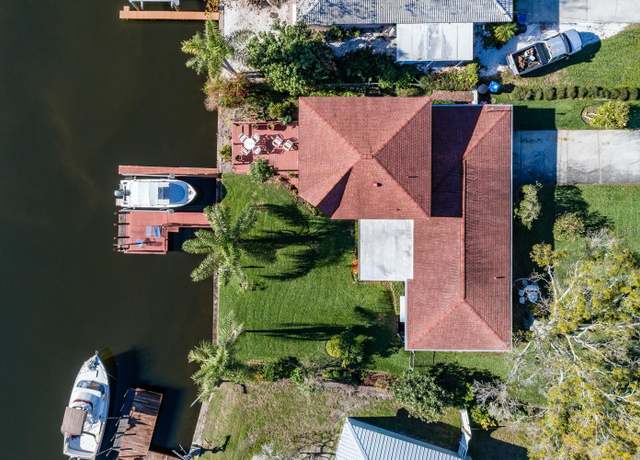 Property at 9440 Sun Isle Dr NE, St Petersburg, FL 33702, 3 beds, 2 baths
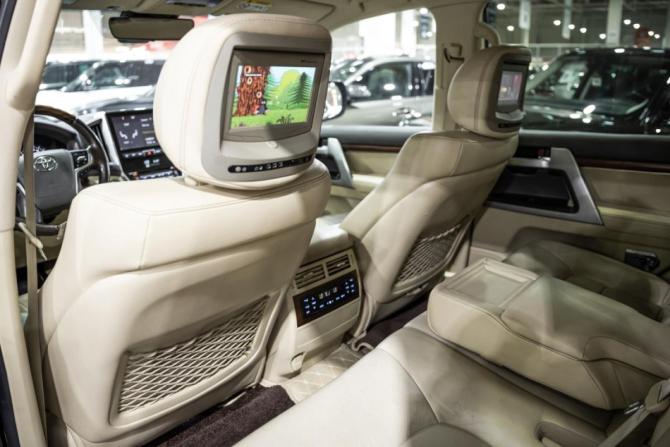 Toyota Land Cruiser 200 Series Рестайлинг 2 с пробегом 2015 года, цена 4 657 436 рублей, 301456 км, внедорожник, Автокод Объявления
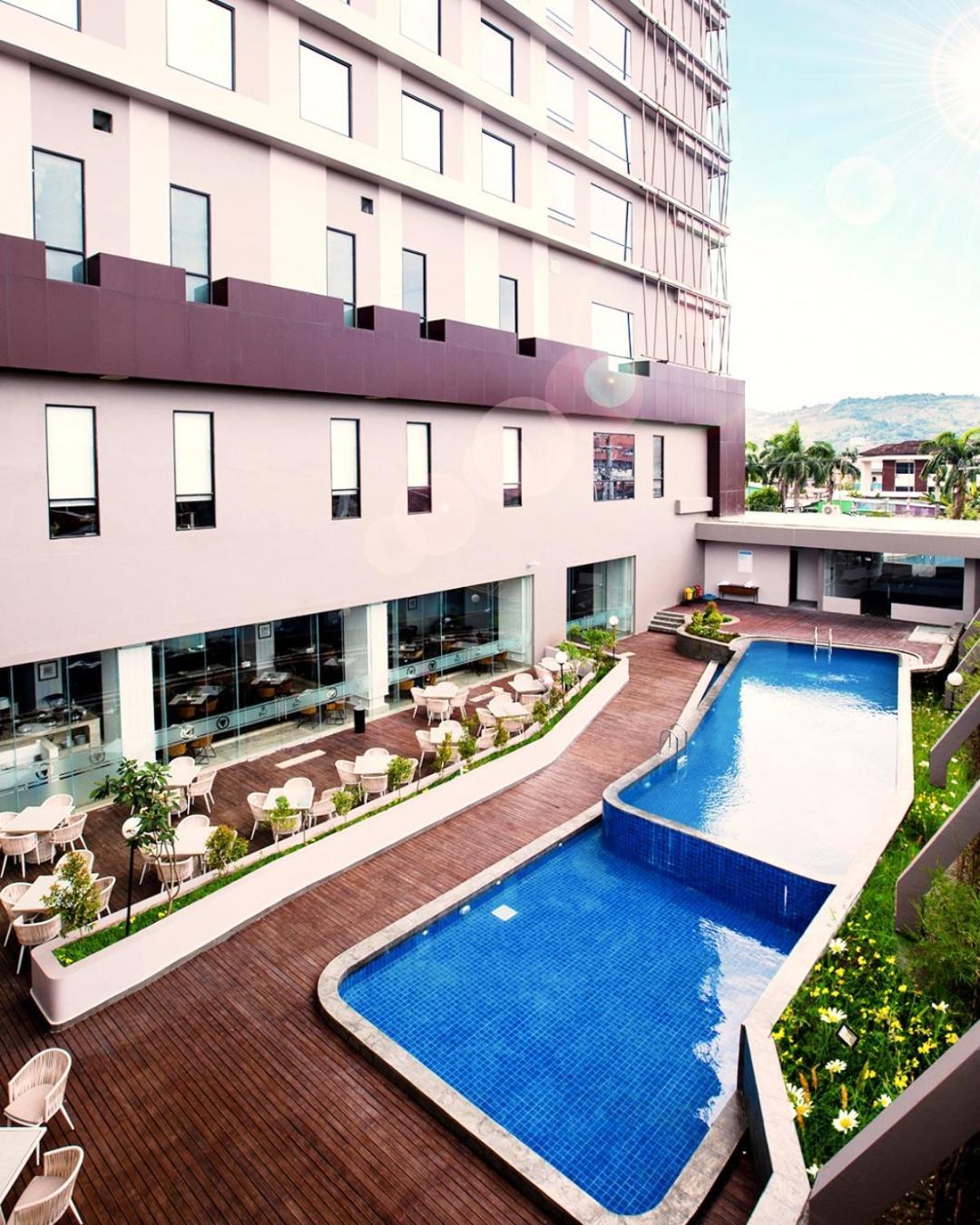 Hotel Suni Abepura Jayapura Exteriör bild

- ABOUT THIS TASK
Give back an exact copy of only the lines from the one with "Toyota Land Cruiser" through the final line of the material, both included. Pictures do not belong in it.

- PROBLEM SOLUTION
 Toyota Land Cruiser 200 Series Рестайлинг 2 с пробегом 2015 года, цена 4 657 436 рублей, 301456 км, внедорожник, Автокод Объявления
 Hotel Suni Abepura Jayapura Exteriör bild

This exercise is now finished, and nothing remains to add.